▸ WORK ITEM: Pictures appear among the records below and must be omitted. Repeat exactly the lines from the line with "Honda WX10T Viertakt" to the line with "Tekla Artek Aino", both included.

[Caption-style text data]
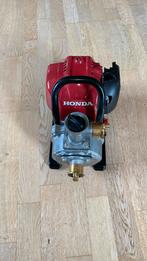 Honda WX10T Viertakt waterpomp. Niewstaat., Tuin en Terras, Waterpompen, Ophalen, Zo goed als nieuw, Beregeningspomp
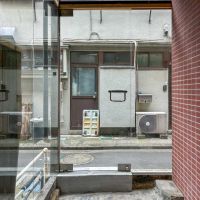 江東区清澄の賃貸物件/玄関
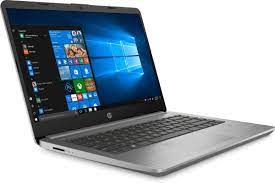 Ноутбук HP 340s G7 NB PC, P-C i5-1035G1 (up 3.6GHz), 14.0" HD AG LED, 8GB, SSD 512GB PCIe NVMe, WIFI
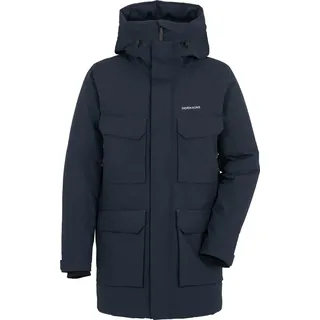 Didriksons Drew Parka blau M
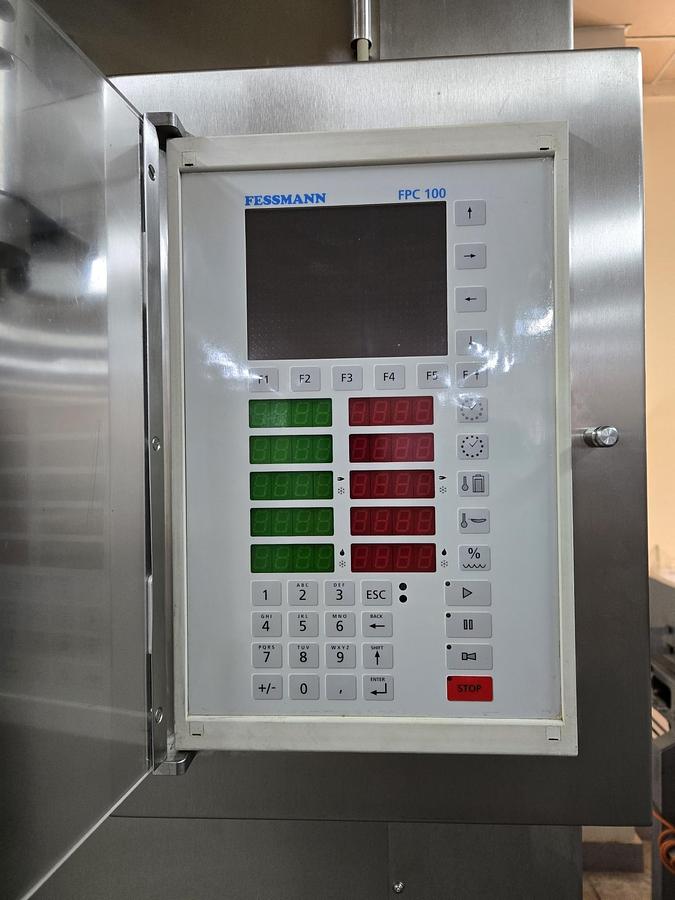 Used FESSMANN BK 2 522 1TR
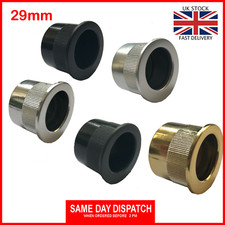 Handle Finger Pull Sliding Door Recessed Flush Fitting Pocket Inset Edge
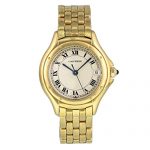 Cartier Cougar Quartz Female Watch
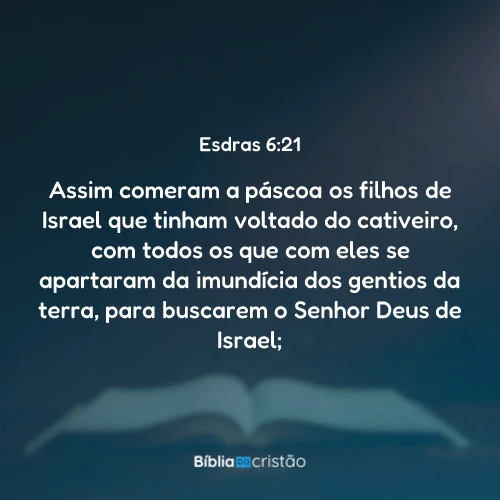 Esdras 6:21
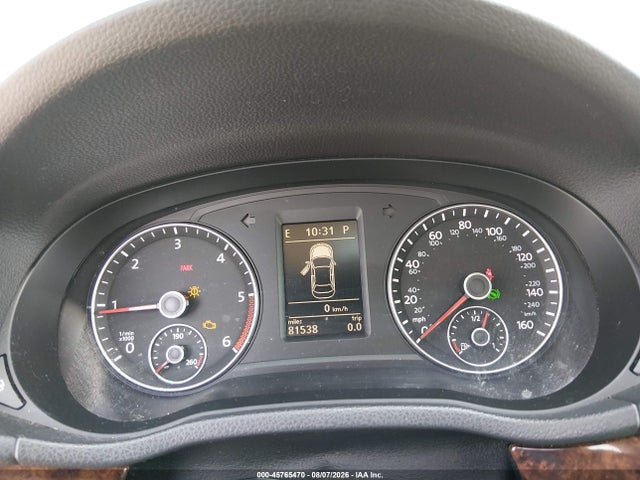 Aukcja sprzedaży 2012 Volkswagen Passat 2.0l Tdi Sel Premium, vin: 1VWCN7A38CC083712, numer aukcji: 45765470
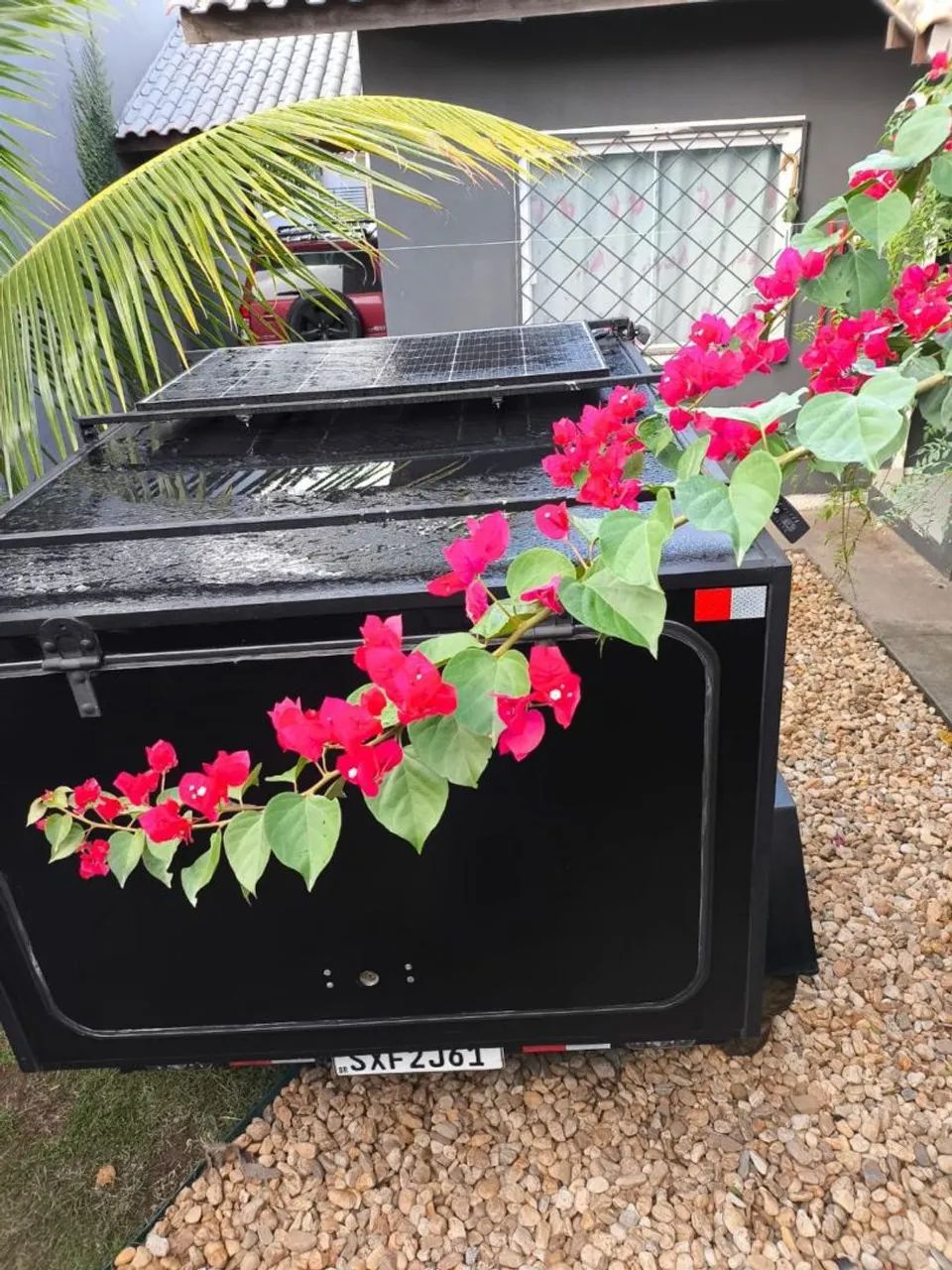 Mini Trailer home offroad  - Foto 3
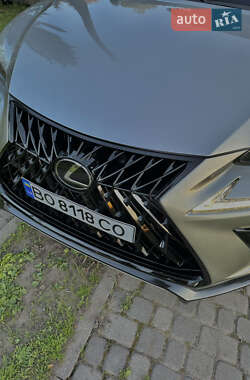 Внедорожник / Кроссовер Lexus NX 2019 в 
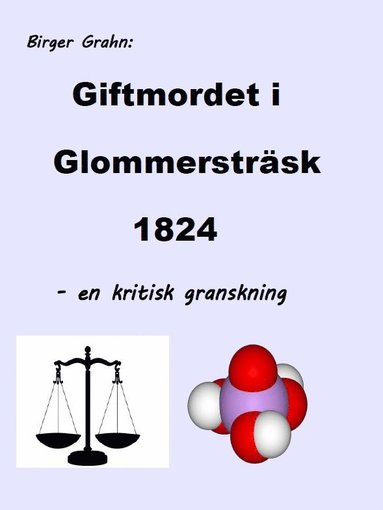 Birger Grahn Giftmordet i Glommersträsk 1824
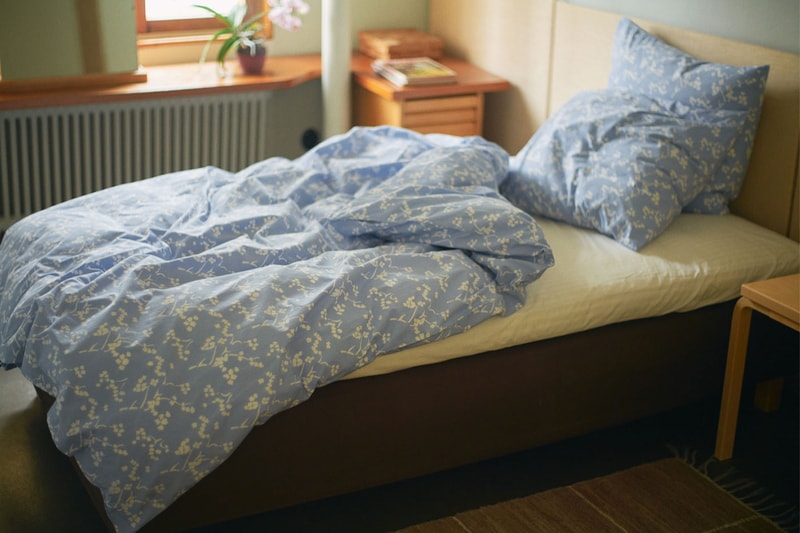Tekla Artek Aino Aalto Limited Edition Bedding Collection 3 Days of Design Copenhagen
==
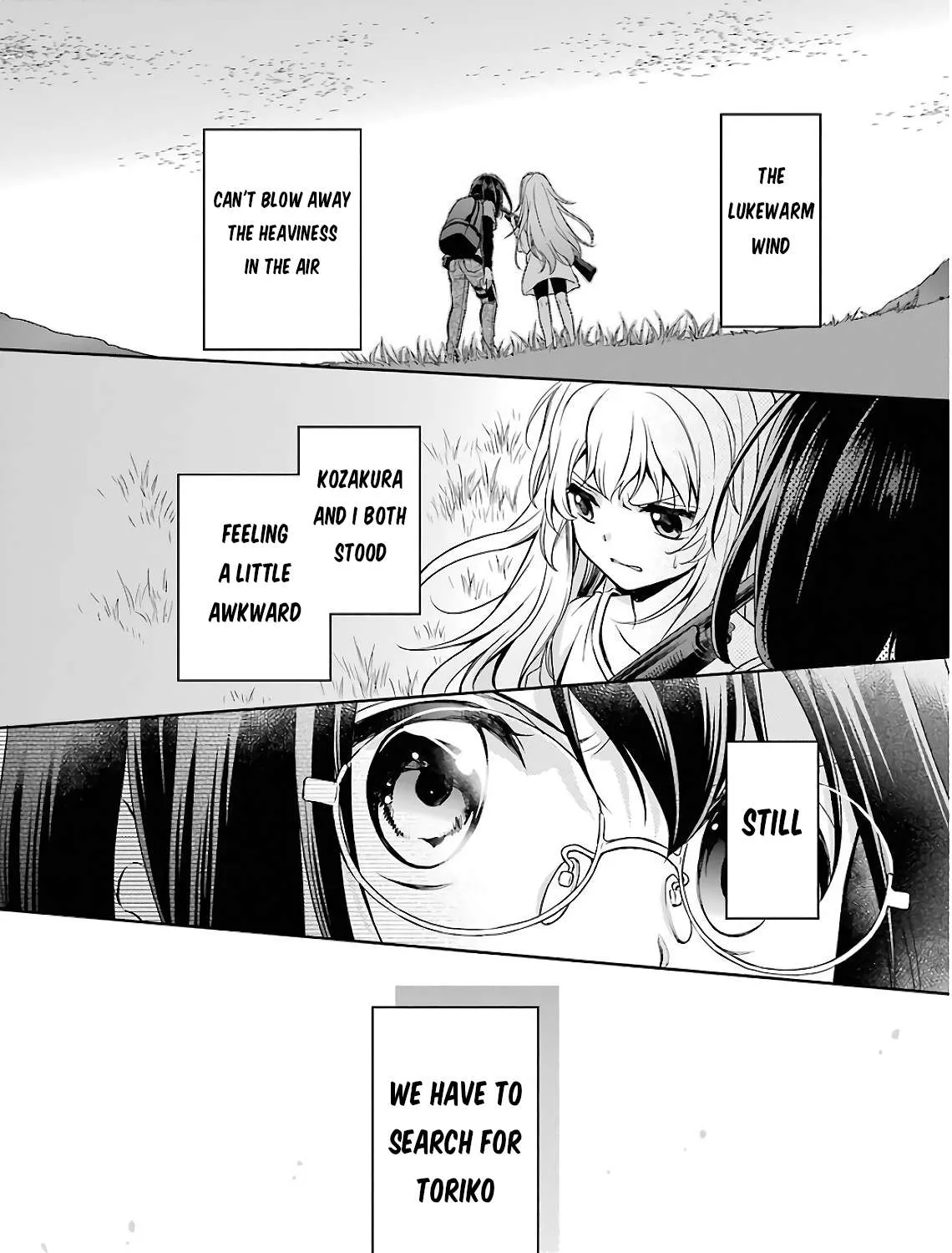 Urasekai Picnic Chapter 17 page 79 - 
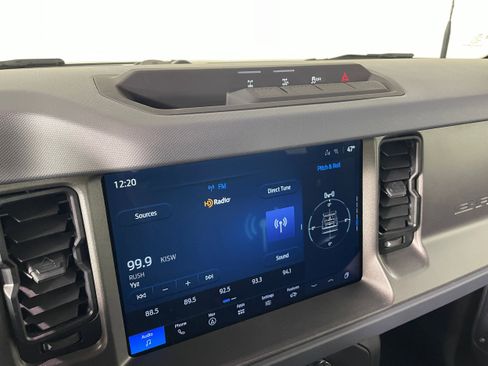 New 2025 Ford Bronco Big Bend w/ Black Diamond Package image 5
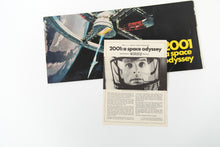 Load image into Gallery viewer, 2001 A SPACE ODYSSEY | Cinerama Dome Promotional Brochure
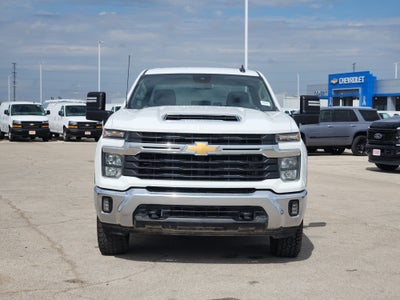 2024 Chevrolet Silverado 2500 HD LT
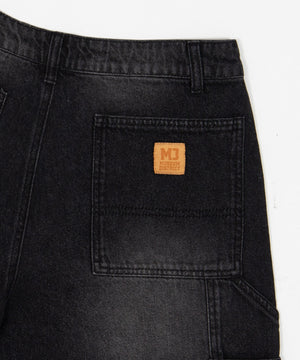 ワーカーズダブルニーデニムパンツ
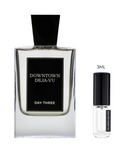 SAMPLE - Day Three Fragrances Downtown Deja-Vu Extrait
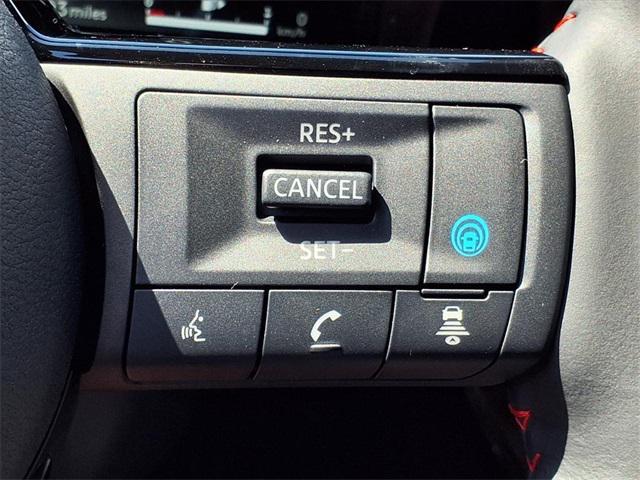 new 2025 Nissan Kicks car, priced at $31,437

▸ TASK RESPONSE:
 Honda WX10T Viertakt waterpomp. Niewstaat., Tuin en Terras, Waterpompen, Ophalen, Zo goed als nieuw, Beregeningspomp
 江東区清澄の賃貸物件/玄関
 Ноутбук HP 340s G7 NB PC, P-C i5-1035G1 (up 3.6GHz), 14.0" HD AG LED, 8GB, SSD 512GB PCIe NVMe, WIFI
 Didriksons Drew Parka blau M
 Used FESSMANN BK 2 522 1TR
 Handle Finger Pull Sliding Door Recessed Flush Fitting Pocket Inset Edge
 Cartier Cougar Quartz Female Watch
 Esdras 6:21
 Aukcja sprzedaży 2012 Volkswagen Passat 2.0l Tdi Sel Premium, vin: 1VWCN7A38CC083712, numer aukcji: 45765470
 Mini Trailer home offroad  - Foto 3
 Внедорожник / Кроссовер Lexus NX 2019 в 
 Birger Grahn Giftmordet i Glommersträsk 1824
Tekla Artek Aino Aalto Limited Edition Bedding Collection 3 Days of Design Copenhagen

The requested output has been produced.